Could you go into a little more detail of what you would like to do in regards to:
1.)Creating a PDF.
    a.)Is the PDF to be created in the current workbook?
    b.)Are there multiple worksheets to be created as PDF files?

2.)Saving the PDF to a target location.
    a.)If the folder you are saving the files to located on your computer or on a server within your company?

    I am a bit confused by the first macro within your code and what you need it to do exactly.
    Is this code needed because you have a special set up in regards to your system or company server?

3.)Emailing out the created PDF file(s)
    a.)Do you want to attached multiple files within a single email based on a parameter/criteria?


----------



## WERNER SLABBERT (Jul 1, 2019)

Hi Eric H

firstly, thank you so very much for taking a look at my post.
 the macro i posted auto saves a single sheet pdf in a folder on my desktop called "Famous_Brands" and then if the sub does not exist creates a sub folder from the specified cell in the sheet. it also prints said sheet to my default printer .

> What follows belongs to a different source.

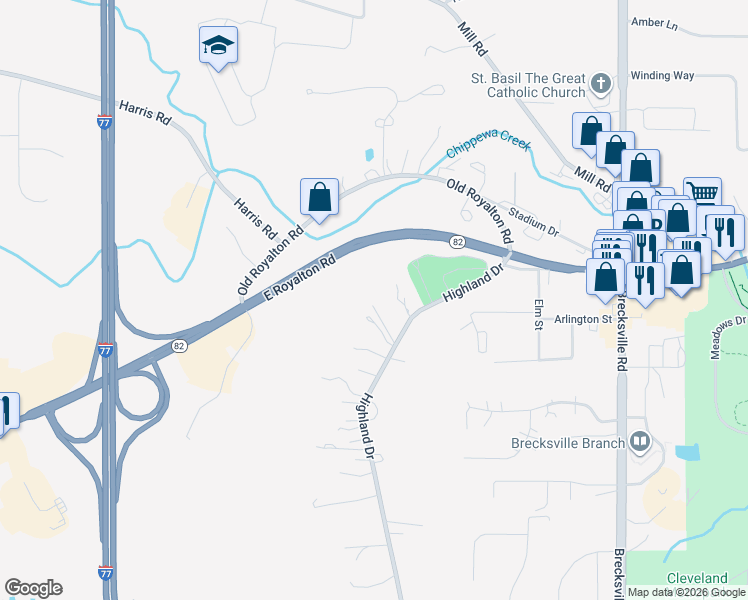 map of restaurants, bars, coffee shops, grocery stores, and more near 9074 Highland Drive in Brecksville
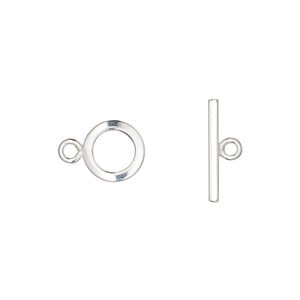 Clasp toggle 1pkg2 sterling silver, 9mm round, 1-strand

now what i would just actually like to add in there is a bit that takes the already created and saved PDF and attaches it to an email to a specific recipient /s from a specific email account with a signature called "Nexus" ( already created in outlook) 

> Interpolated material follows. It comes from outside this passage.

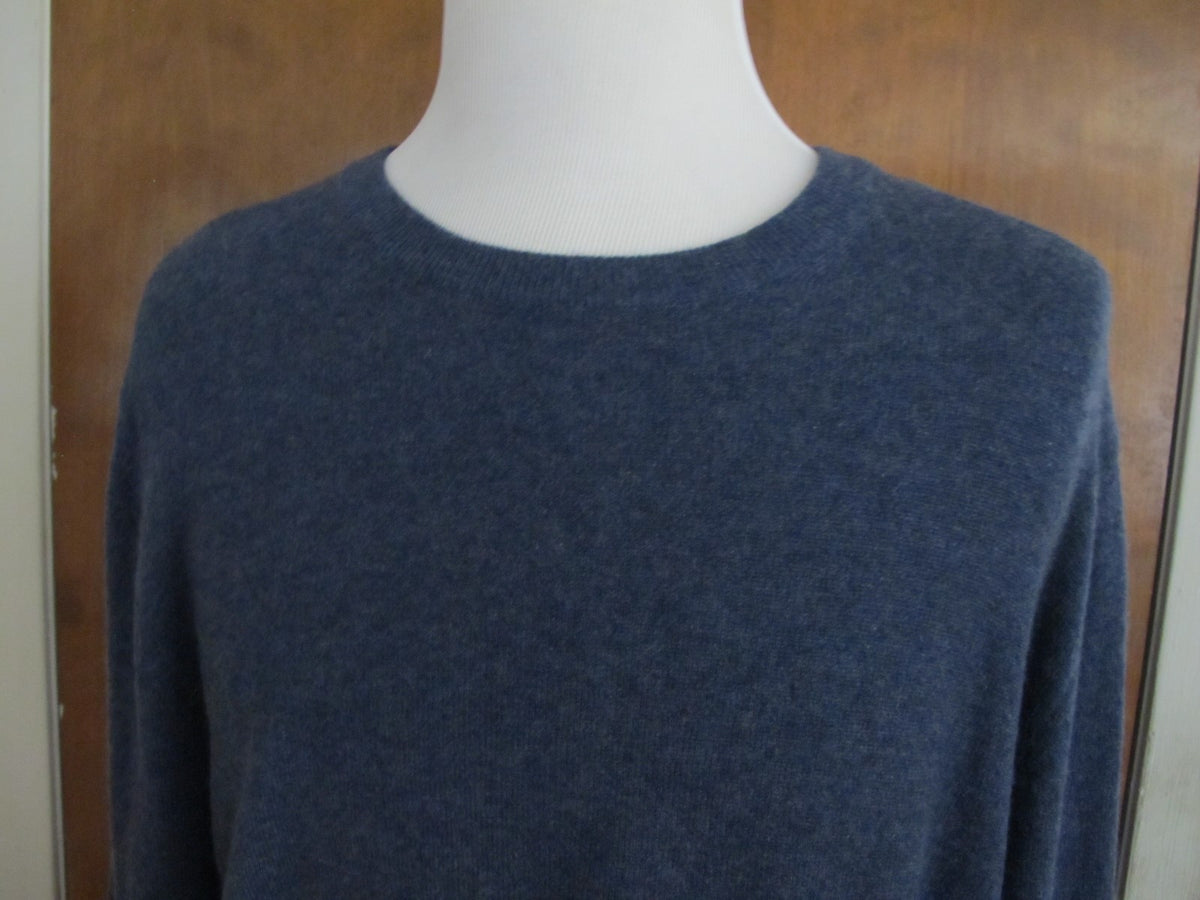 Bloomingdales men's blue 2ply cashmere crewneck sweater XL NWT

as for the confused bit in your post, in all honesty i would not actually be able to tell you if i need all that, but i am too **** scared to fiddle with it... like i said the macro should do the following:

create PDF from single worksheet
save said pdf in a sub folder inside the designated folder Famous_Brands with sub folder name in designated cell.
print said worksheet straight to my default printer
save a copy of the original workbook in two locations: Desktop & Documents
( now this is where my actual struggle starts) attach a copy of saved PDF to an email
enter a recipient
enter a signature called "Nexus"
and send this mail from a designated account called "service*****@******.co.za"
i do hope this clarifies my request somewhat..

Regards
Werner



Eric H said:


> Hi Werner Slabbert,
> 
> Could you go into a little more detail of what you would like to do in regards to:
> 1.)Creating a PDF.
> ...


----------



## Eric H (Jul 11, 2019)

Hi Werner,

I am very sorry for the delay in my response I have had several unexpected issues come up.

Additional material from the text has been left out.